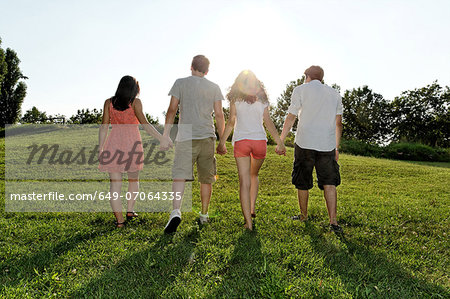 Group of young adults walking and holding hands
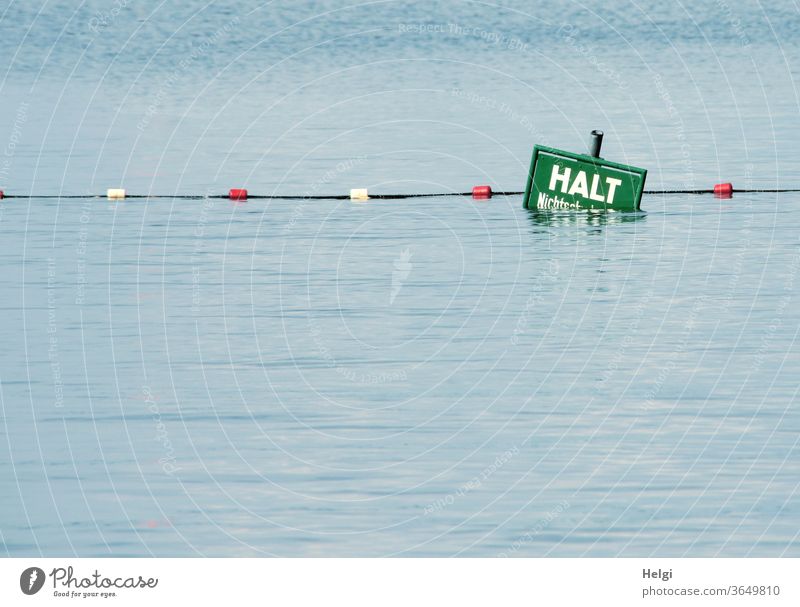 HALT - halb im Wasser versunkenes Warnschild mit Absperrseil am Ende eines Nichtschwimmerbereiches im See Absperrung Halt Warnung Vorsicht Gefahr Sicherheit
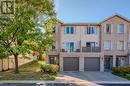 Multi unit property featuring a garage - 230 Blackhorne Drive Unit# 19, Kitchener, ON  - Outdoor With Facade 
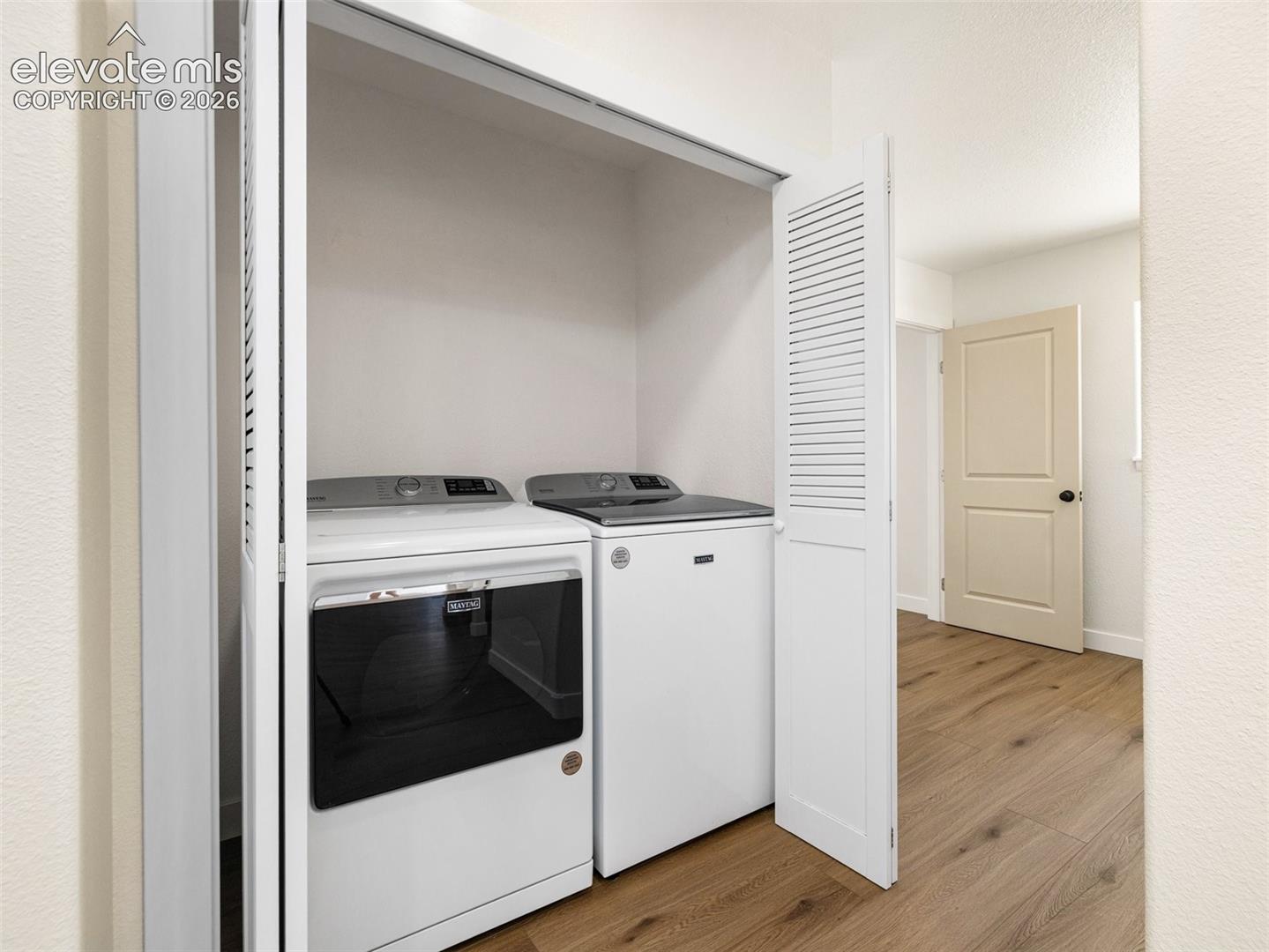This laundry space is off the living room in the ADU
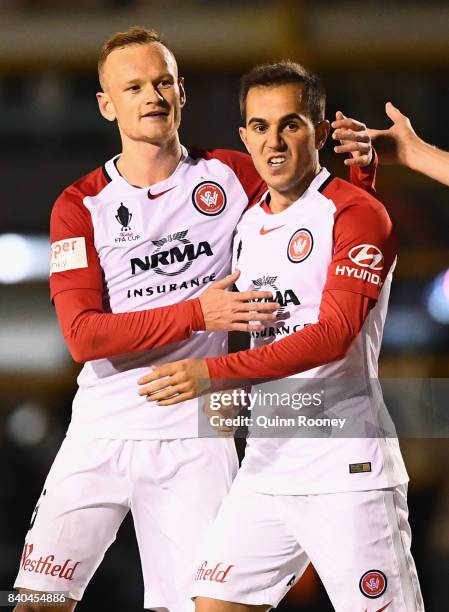 Steven Lustica of the Wanderers is congratulated by Jack Clisby after scoring a goal during the round of 16 FFA Cup match between Bentleigh Greens...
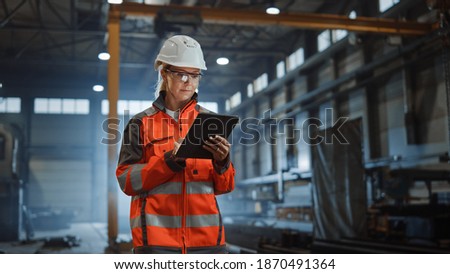 Professional Heavy Industry Engineer Worker Wearing Safety Uniform and Hard Hat, Using Tablet Computer. Serious Successful Female Industrial Specialist Walking in a Metal Manufacture Warehouse. Foto d'archivio © 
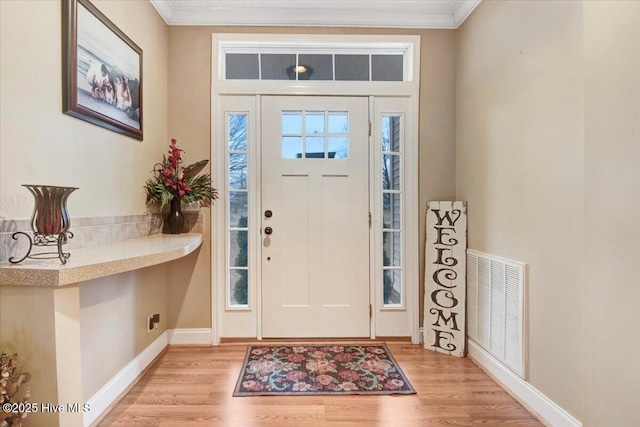 foyer entrance with visible vents, crown molding, and light wood finished floors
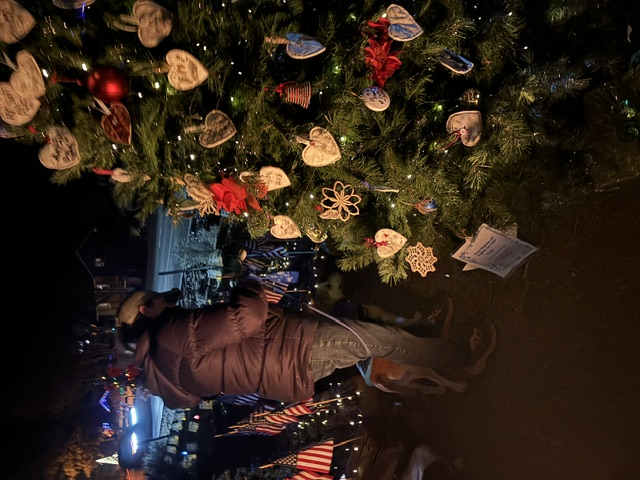 A holiday tree decorated with handwritten heart ornaments beside American flags at night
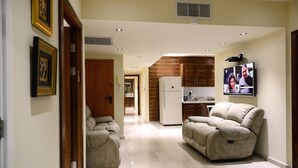 A spacious living area with two beige sofas, a kitchen with a refrigerator, and a television mounted on the wall. - Garden Residence (Eilat)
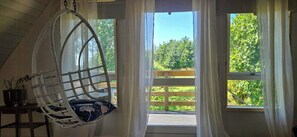 A room with a hanging chair, a window with a view of a wooden deck and greenery, and a door leading outside.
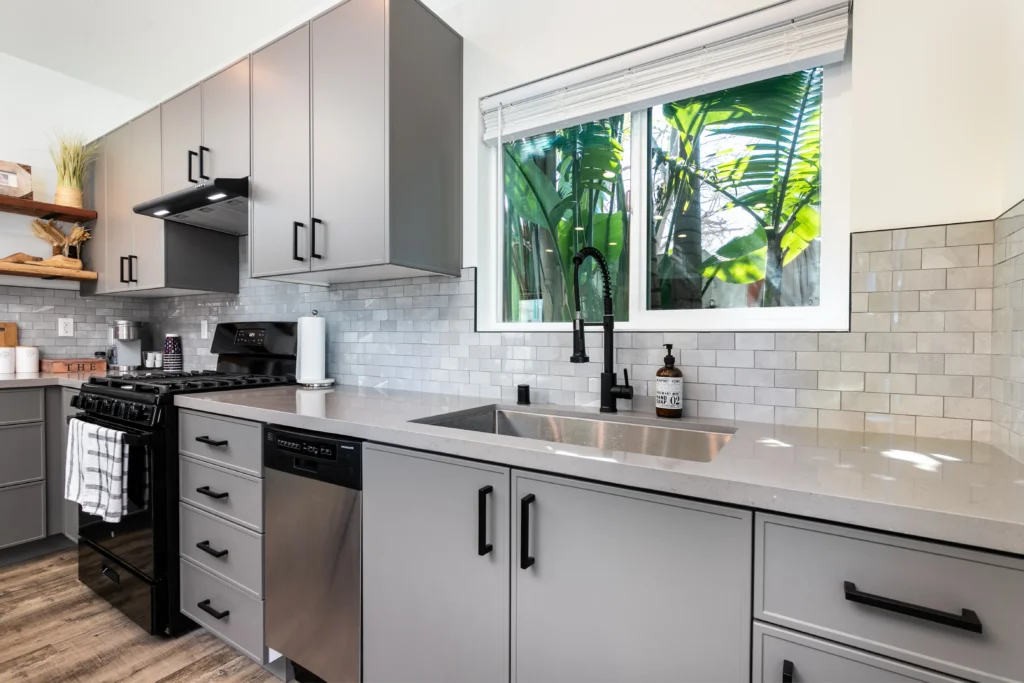 An interior view looking across a modern L-shaped kitchen. Grey cabinets and stainless steel appliances line the back wall. To the right, a large dark-framed glass door with matching windows opens directly onto an outdoor patio with plants and privacy screening.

■ ■ ■ ■ ■ ■ ■

§ **About this task**:
Beginning at the line that contains "Professional Heavy Industry", retype each line of the data above through the very last one. Do not retype the pictures.

§ **Exercise solution**:
 Professional Heavy Industry Engineer Worker Wearing Safety Uniform and Hard Hat, Using Tablet Computer. Serious Successful Female Industrial Specialist Walking in a Metal Manufacture Warehouse. Foto d'archivio © 
 foyer entrance with visible vents, crown molding, and light wood finished floors
 A holiday tree decorated with handwritten heart ornaments beside American flags at night
 A spacious living area with two beige sofas, a kitchen with a refrigerator, and a television mounted on the wall. - Garden Residence (Eilat)
 A room with a hanging chair, a window with a view of a wooden deck and greenery, and a door leading outside.
 An interior view looking across a modern L-shaped kitchen. Grey cabinets and stainless steel appliances line the back wall. To the right, a large dark-framed glass door with matching windows opens directly onto an outdoor patio with plants and privacy screening.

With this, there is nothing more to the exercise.